Are medical futility and financial burden linked if they are separable because of parental preference plus the fiscal ability to bear the cost?
Should “futility” as defined by a pre-certification committee of an insurance plan, or quasi-governmental body such as a Medicare Committee, or an institutional committee such as a prognosis committee, or perhaps should family, friends, clergy, or family physician determine treatment?
The emphasis for bioethicists to date has been to develop guidelines that deal with end of life issues while respecting patient autonomy in health-related decision making independent of the mental capacity or physical condition of the patient and especially addressing the issues regarding the elderly, and, as in the case of Baby G, the very young.
“The trouble with our times,” states Paul Valery, “is that the future is not what it used to be.” The pattern of life used to be much simpler. But advances in medicine and technology together with rapidly changing social conditions, diversity, alternative lifestyles and expectations have now turned what was for centuries a more or less routine life cycle into a source of personal confusion and social debate.
The uncertain prognosis for many recipients of intensive care — whether they be newborn or geriatric, or somewhere in between — raises difficult questions about whether certain lives are of such low quality that they should not be sustained and about who, if anyone, is qualified to make such decisions.

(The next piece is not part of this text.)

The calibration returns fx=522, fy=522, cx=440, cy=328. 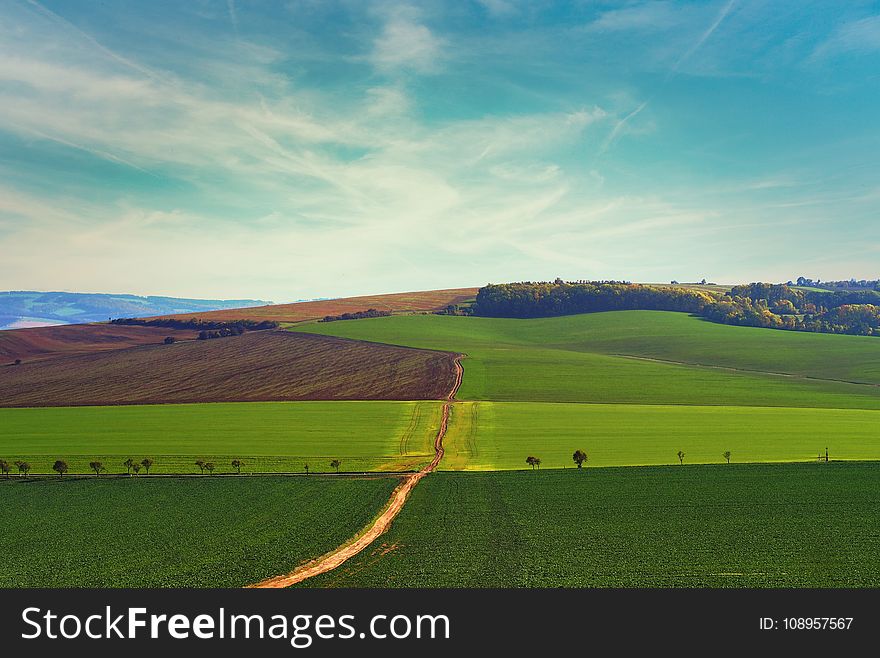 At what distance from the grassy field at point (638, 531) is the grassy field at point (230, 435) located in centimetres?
1501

Finally, all of these questions raise difficult issues not only for the affected patients, family, and healthcare professionals, but also for society at large. How can a pluralistic society develop coherent policies on such matters while respecting the plausible, yet conflicting and rationally irreconcilable, viewpoints of many of its members?
In Baby Boy G’s case? The bioethics committee members were unanimous in believing that the family should be offered the option of TPN, even though they also agreed that it was morally acceptable for the family to refuse. The parents opted for a central venous line. Baby G expired 17 months later, after multiple hospitalizations. The parents stated that all of their lives — theirs and their doomed son’s — were immeasurably enriched by the experiences they all shared.
The “best interests” standard was applied. Such issues and decisions clearly are not societal, nor political. They are unequivocally medical and personal.
What are the issues and obligations of a physician viewing any set of medical variables for any patient of any age?
It is difficult to imagine a means to mandate a shift in the focus from protection of an innocent to protection of society’s best interest without the purposeful and intentional conflation of principal. And this brings us back to the issue of morality, medicine and society: what standard applies?
The “best interests” standard ought to apply. The only applicable rule — whether we speak of the elderly or the young — is that if treatment is futile, in that it will offer no potential benefit to the patient and will only impose pain and suffering, that fact must be made clear when presenting options to the patient or family, stressing that whatever the decision, compassionate care to ease pain and suffering always continues.
But this is not and must not become a societal decision even by implication.
Mandates will not solve the dilemma of medical futility; they only make an already difficult process completely intolerable. Legislative action that requires or expects abandonment should be opposed by all physicians.
Protection of the trust relationship with our patients is a societal good that must be preserved and supported. If we do not support a patient’s best interest and autonomy standard, then we physicians have abandoned our principles if not our purposes.
Jeffrey Hall Dobken is an assistant clinical professor of pediatric immunology and allergy at Weill Cornell School of Medicine in New York City.